For Some, The Ends Justify the Means In Proposed .ORG Deal

Vint Cerf — the founding president of the Internet Society and, now, Google’s Chief Evangelist — recently mounted a rather chiding defense of the sale of Public Interest Registry (PIR) and the right to operate the .org domain name registry to a private equity firm, Ethos Capital. Much has been written about the particulars of the transaction — at least, what can be known about a corporate shell-game that is shrouded deliberately by rampant redaction and obstinate obfuscation. The Register’s Kieren McCarthy has published recently an article that lays out many of the issues and is recommended reading for anyone seeking prima facie examples of bad-faith public interest stewardship and insider profiteering.
While Vint’s article attempts to gloss over the sordid circumstances of this latest episode of the goings-on in a DNS governance world that, by all measures, appears to have gone quite rancid, it fails to answer three very important questions:
1. Who is putting money into this deal? There has been much ado about the debt-financing that is being provided by U.S. banks for the one-third of the purchase price that isn’t being put forth by investors — including parroting the Ethos talking point that debt servicing will be no problem, considering the cash being thrown off by the .org registry that will be available to make payments. But precious little — indeed, nothing, really — is being said about where the cash is coming from for the other two-thirds of the purchase price.
There have been rumors that Jack Ma — founder of Alibaba and member of the Chinese Communist Party — may have invested money into Ethos Capital or one of the other shadowy LLCs involved in this transaction. Who — or what — else is funding the more than three-quarters of a billion dollars that is being used to underwrite this transaction? Who are the mysterious and unnamed directors who remain redacted in the information that has been released about the organizations involved in this shell-game? How is it possible to ascertain, with any degree of certainty, that Google isn’t an investor or that Vint isn’t one of the directors named in the redacted list?
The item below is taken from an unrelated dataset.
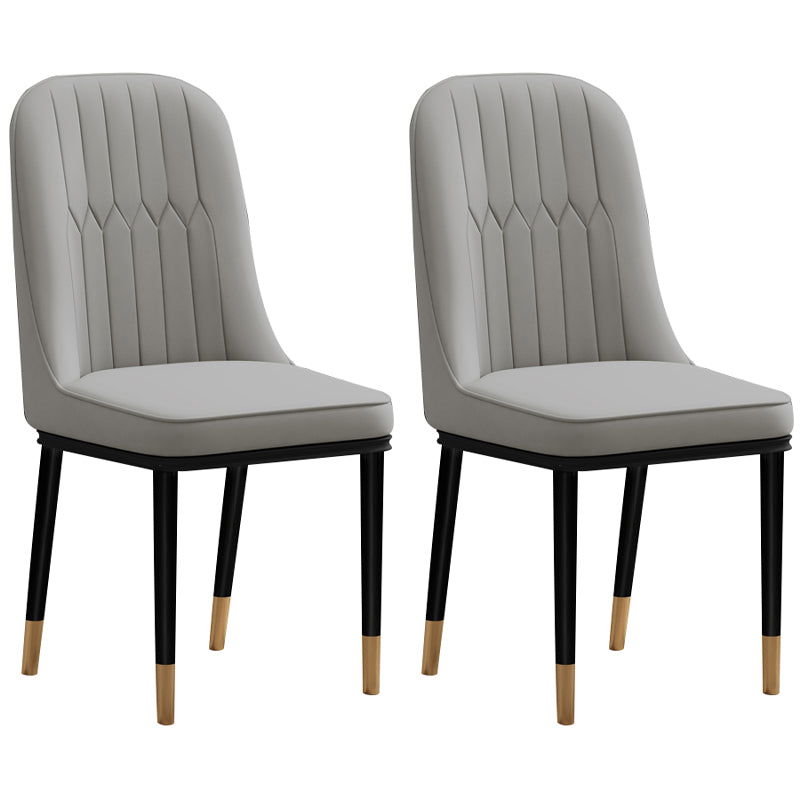 Scandinavian Style Dining Chair Metal Dining Room Solid Back Cushioned Chair Light Gray 2 Piece Set Black Gold Clearhalo ' kitchen&dining_furn' 'Dining Chairs' 'Dining Tables & Seating' 'dining_chair' 'furn' 'furn_dining_chair' 'Furniture' 'furniture_dining_chair' 'Kitchen & Dining Furniture' 'kitchen' 3969168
2. What does the Internet Society (ISOC) need such a large endowment for? An infusion of more than a billion dollars into ISOC will make it one of the richest — and, therefore, one of the most powerful — non-profit organizations in the world. This is an organization that was founded to provide support for the development of the technical protocols and open standards that are the interoperable “glue” that makes the Internet work.
This correspondent wrote previously and quoted the mission statement of ISOC, in part, as being:
The Internet Society was founded in 1992 by a number of people involved with the Internet Engineering Task Force (IETF). From those early days, one of our principal rationales is to provide an organizational home and financial support for the Internet standards process.
However, the website appears to have been updated recently with a greatly expanded mission. Now, ISOC’s raison d’être, painted in billowing and halcyon tones, is focused on “humanitarian” and “educational” purposes to “ better the world.” There’s much talk about “building community” but it might be worth asking: what is the point of building community on a bad-faith foundation of opacity and profiteering? From roots such as these, nothing good can come.
3. Why has it been necessary to establish the foundation for PIR’s future on such rotten timber? Good-faith transactions and virtuous dealings rarely require redaction, misdirection, and dishonesty. Even a young schoolchild knows that lies of omission are just as bad as untruths of commission. As Kieren and others have pointed out, nearly everything about this deal stinks to high heaven and is rife with deliberately unexplained and unrevealed attributes. What else is left unmentioned and yet to be uncovered?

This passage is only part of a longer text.